Greg Horn
As meninas e os meninos bem comportados estão à mesa com propósitos, não interrompem adultos, só esgrimem um argumento por dia com os progenitores, cumprem horários na escola, estudam, são virgens; nos tempos livres, fazem desporto, lêem, são cinéfilos ou dedicam-se ao voluntariado.
Dos genuínos cumpridores do estereótipo não há muito a dizer: são parvos até à medula. Dos outros, há a contar. Estão calados por não terem vocabulário ou ideias consequentes para uma frase que exceda meia dúzia de palavras. Gerem com parcimónia desacordos com os progenitores porque quanto menos souberem do que fazem e pensam nas catorze horas de vigília em que não lhes põem a vista em cima, menos se desiludem, lhes picam o juízo e mais aberta fica a bolsa/sustento dos vícios.
Nos dias úteis, despedem-se da casa a tempo da pontualidade escolar sem alterarem mediocridade do rendimento e atrasos. Cafés, rua, motas e shoppings fazem das aulas mero interlúdio. Mantida em segredo a «curte» ou o «tasse bem», as faltas são prestimosamente justificadas por via dos papás convencidos pelo ar rameloso que prova o pico asmático, a enxaqueca, dores menstruais ou musculares.
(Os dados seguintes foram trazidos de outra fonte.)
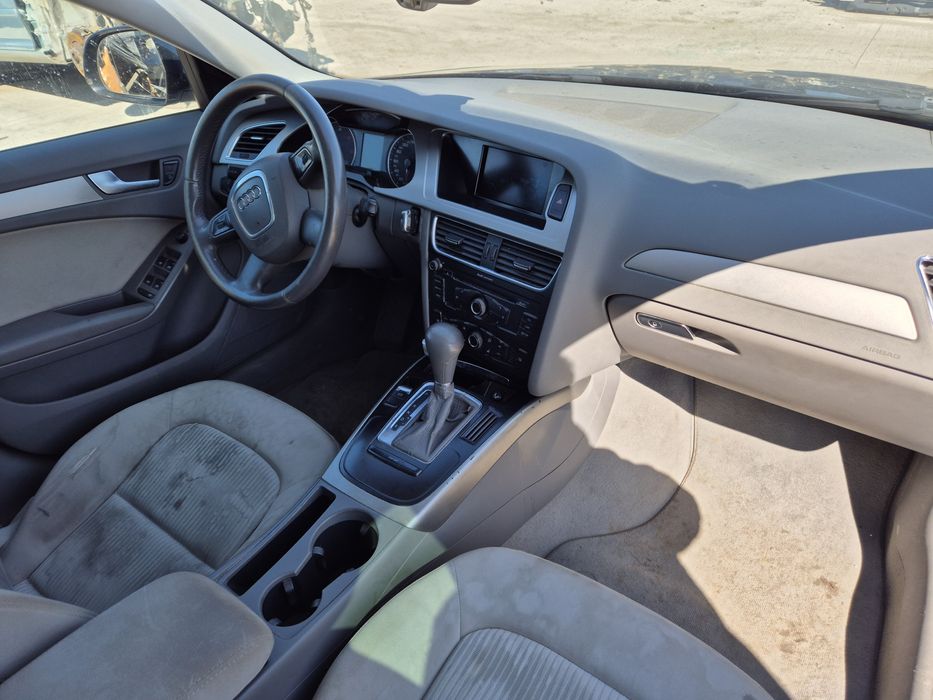 Dezmembram Audi A4 B8 Automat 2010 CAGA 2.0TDI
As (poucas) horas passadas na solitária/quarto em pretenso estudo, são postas em bom serviços a favor de jogos, telefone, sornas e à perícia espreme-borbulhas. A prática desportiva depende: se além das modalidades comuns forem incluídas rapidinhas, noitadas, fumos e rosnice, abundam candidatos com máximos dignos de ouro em olimpíadas. Escrita, leitura, cinema e voluntariado todos cumprem: teclam nas redes sociais, lêem mensagens, a vida é um ‘ganda filme!’, voluntariado, sim, sempre, desde que a miúda «tope» e dispa o top.
A esperança reside nos mal comportados e não cabotinos. Muitos. 'Benz'ós Deus!'
CAFÉ DA MANHÃ
Blake Flynn, Greg Horn
Lia desde os cinco. Antes, com ajuda do avô e do pai, juntara letras para satisfazer a necessidade louca de descobrir o sentido daqueles desenhos impressos a negro que contavam histórias lidas pela mãe ao adormecer. Satisfeito o sono, pulava para a cama onde a esperava o colo materno; continuava a ouvir o que a noite interrompera. Devorou a ‘Formiguinha’ antes da entrada na primária. Talvez pela condição de filha única, além dos amigos reais, privilegiava os imaginários, dela em lugar primeiro, dos Grimm e de La Fontaine. Da Comtesse de Ségur, da Louisa Alcott, mais tarde. Da Odette de Saint-Maurice cujas estórias ouvia nos sábados da rádio sob o formato de episódios. Desenhava as cenas, treinava a figura humana. Fez do carvão um amigo – os lápis de cor pouco lhe diziam. Blocos de ‘papel cavalinho’ gastos em menos do soprar de um fósforo. E os pais, compreensivos e atentos, reabasteciam-na dos instrumentos/brinquedos. E pensavam a filha como menina-prodígio pela celeridade das aprendizagens e múltiplos interesses. A verdade desmentia – tão somente criança só buscando na fantasia irmãos que não tinha.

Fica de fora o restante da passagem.